AutoCap inference, training and evaluation

Inference
- Audio to text script
- Caption a list of audio files
- Caption your custom dataset
Training
Evaluation
Cite this work
Acknowledgements

Environment initalization

For initializing your environment, please refer to the general README.

Inference

Audio to Text

To quickly generate a caption for an input audio, run

python scripts/audio_to_text.py --wav_path <path-to-wav-file>

# Example inference
python scripts/audio_to_text.py --wav_path samples/ood_samples/loudwhistle-91003.wav

This will automatically download autocap-full model and run the inference with the default parameters. You may change these parameters or provide your cutome model config file and checkpoint path.
For more accurate captioning, provide meta data using --title, description, and --video_caption arguments.

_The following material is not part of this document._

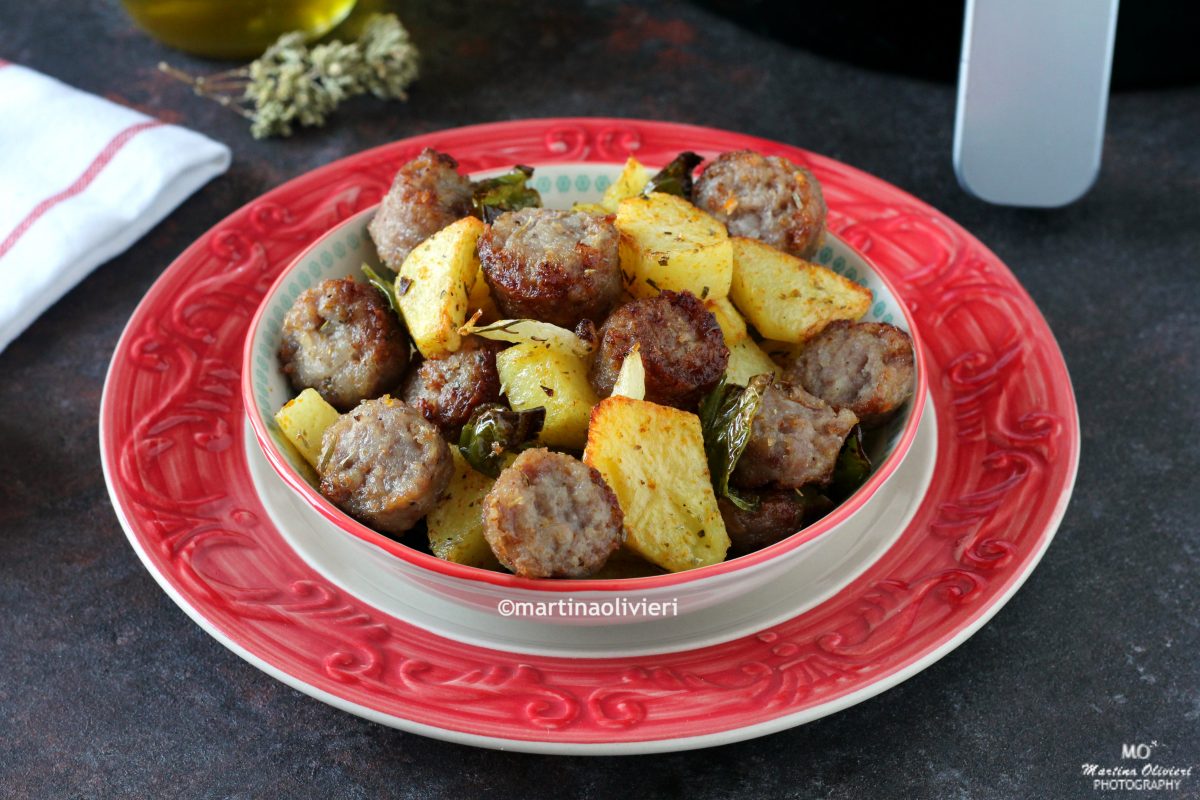 Salsicce e patate con friggitelli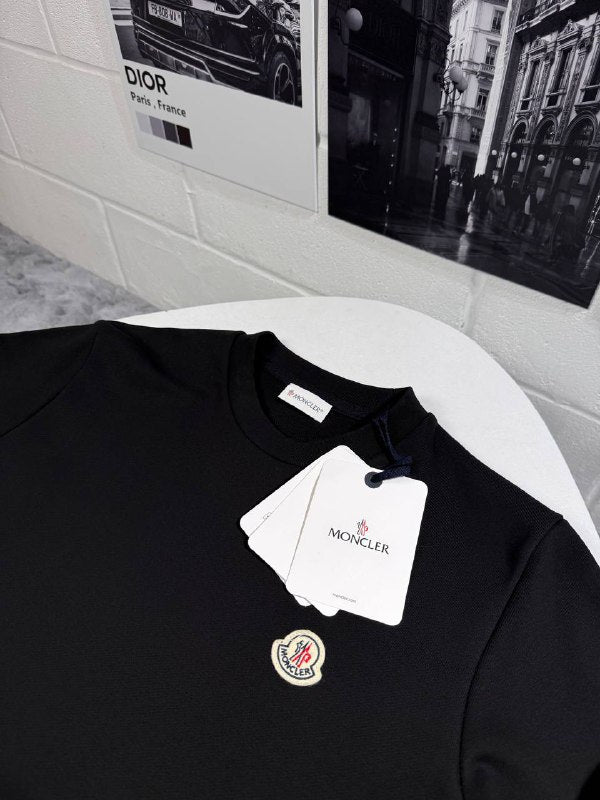 Moncle sweaters 1910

Caption list of audio files

Prepare all target audio files in a single folder
Optionally, provide meta data information in yaml file using the following structure

file_name.wav: 
    title: "video title"
    description: "video description"
    video_caption: "video caption"

Then run the following script

python scripts/inference_folder.py --folder_path <path-to-audio-folder> --meta_data_file <path-to-metadata-yaml-file>

# Example inference
python scripts/inference_folder.py --folder_path samples/ood_samples --meta_data_file samples/ood_samples/meta_data.yaml

Caption your custom dataset

If you want to caption a large dataset, we provide a script that works with multigpus for faster inference.

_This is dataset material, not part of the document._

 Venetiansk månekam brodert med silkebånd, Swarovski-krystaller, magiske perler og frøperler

Prepare your custom dataset by following the instruction in the dataset preperation README and run

python scripts/caption_dataset.py \
            --caption_store_key <key-to-store-generated-captions> \
            --beam_size 2 \
            --start_idx 0 \
            --end_idx 1000000 \
            --dataset_keys "dataset_1" "dataset_2" ...

# Example
python scripts/caption_dataset.py \
        --caption_store_key autocap_caption \
        --beam_size 2 \
        --start_idx 0 \
        --end_idx 100 \
        --dataset_keys “wavcaps_soundbible”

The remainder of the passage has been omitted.